Take the lines below between the one holding "ZİRVEYE RAĞBET DEVAM EDİYOR" and the one holding "Hotel Des Alpes فيلمز المظهر الخارجي الصورة", inclusive, and copy them exactly. Add nothing.

> _GIVEN RECORDS_:

- - - -

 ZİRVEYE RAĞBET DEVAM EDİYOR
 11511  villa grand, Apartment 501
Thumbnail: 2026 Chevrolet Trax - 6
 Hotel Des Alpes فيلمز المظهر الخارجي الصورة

- - - -

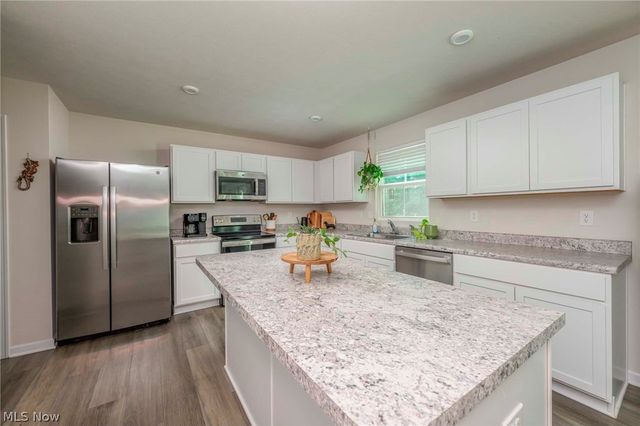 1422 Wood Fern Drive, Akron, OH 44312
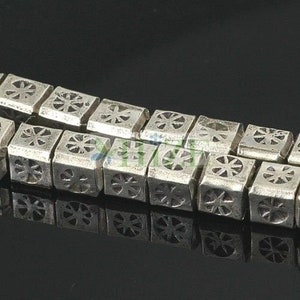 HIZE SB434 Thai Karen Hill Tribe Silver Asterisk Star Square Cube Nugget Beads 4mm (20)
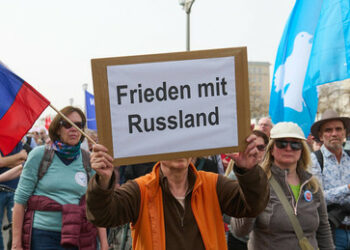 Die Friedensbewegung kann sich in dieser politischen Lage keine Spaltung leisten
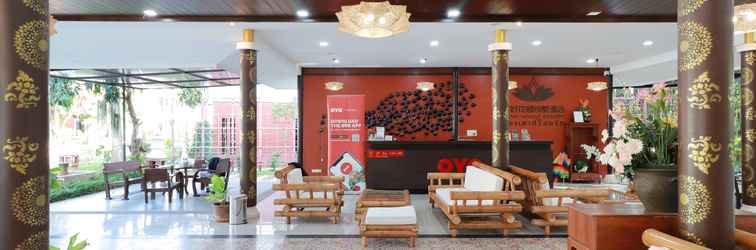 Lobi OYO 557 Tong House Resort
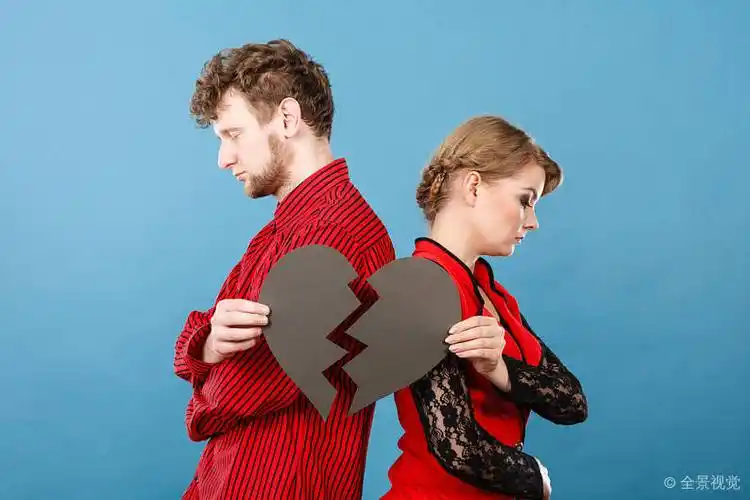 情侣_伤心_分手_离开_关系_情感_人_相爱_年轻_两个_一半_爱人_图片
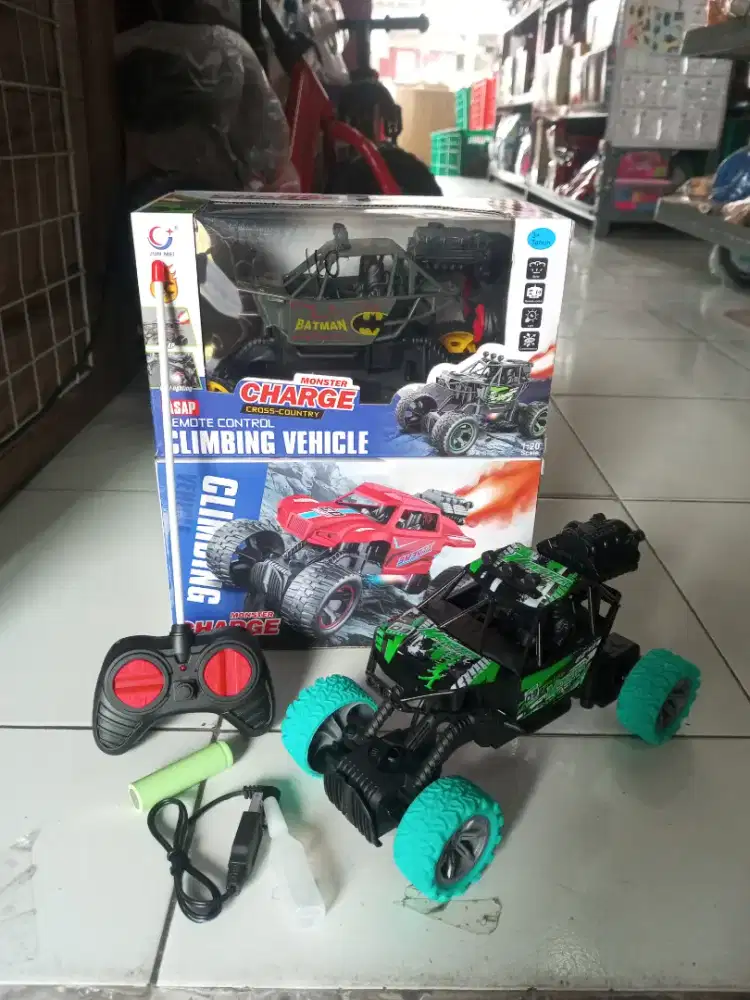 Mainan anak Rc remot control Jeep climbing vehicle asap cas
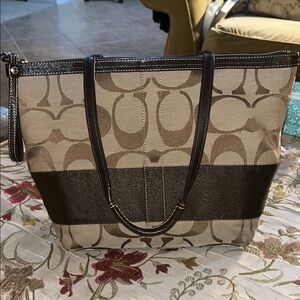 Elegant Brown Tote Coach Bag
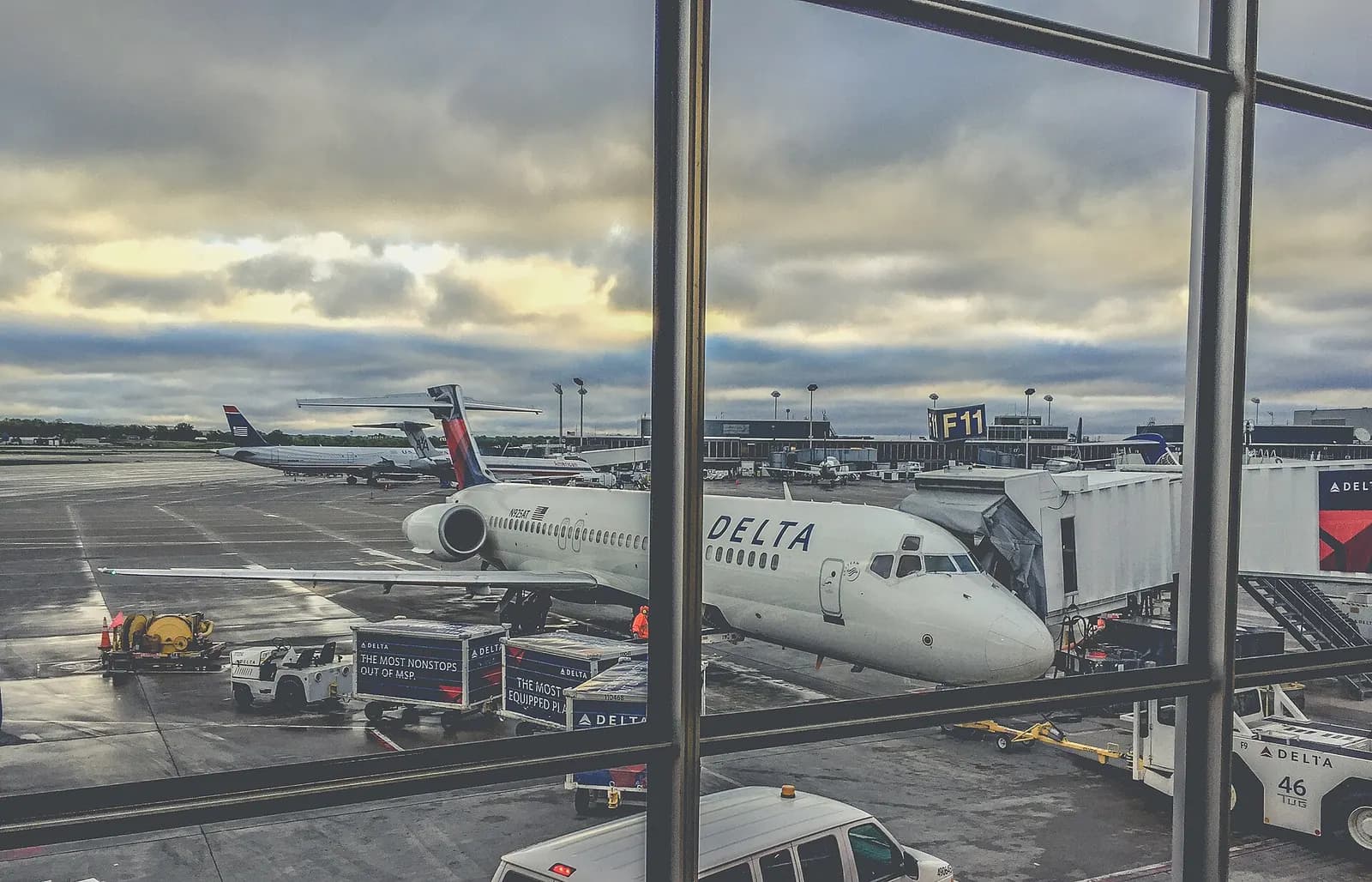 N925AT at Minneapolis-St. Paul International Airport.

- - - -

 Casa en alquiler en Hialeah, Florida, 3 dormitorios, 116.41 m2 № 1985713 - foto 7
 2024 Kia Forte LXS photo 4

- - - -

> _ANSWER TO THIS TASK_:
 ZİRVEYE RAĞBET DEVAM EDİYOR
 11511  villa grand, Apartment 501
Thumbnail: 2026 Chevrolet Trax - 6
 Hotel Des Alpes فيلمز المظهر الخارجي الصورة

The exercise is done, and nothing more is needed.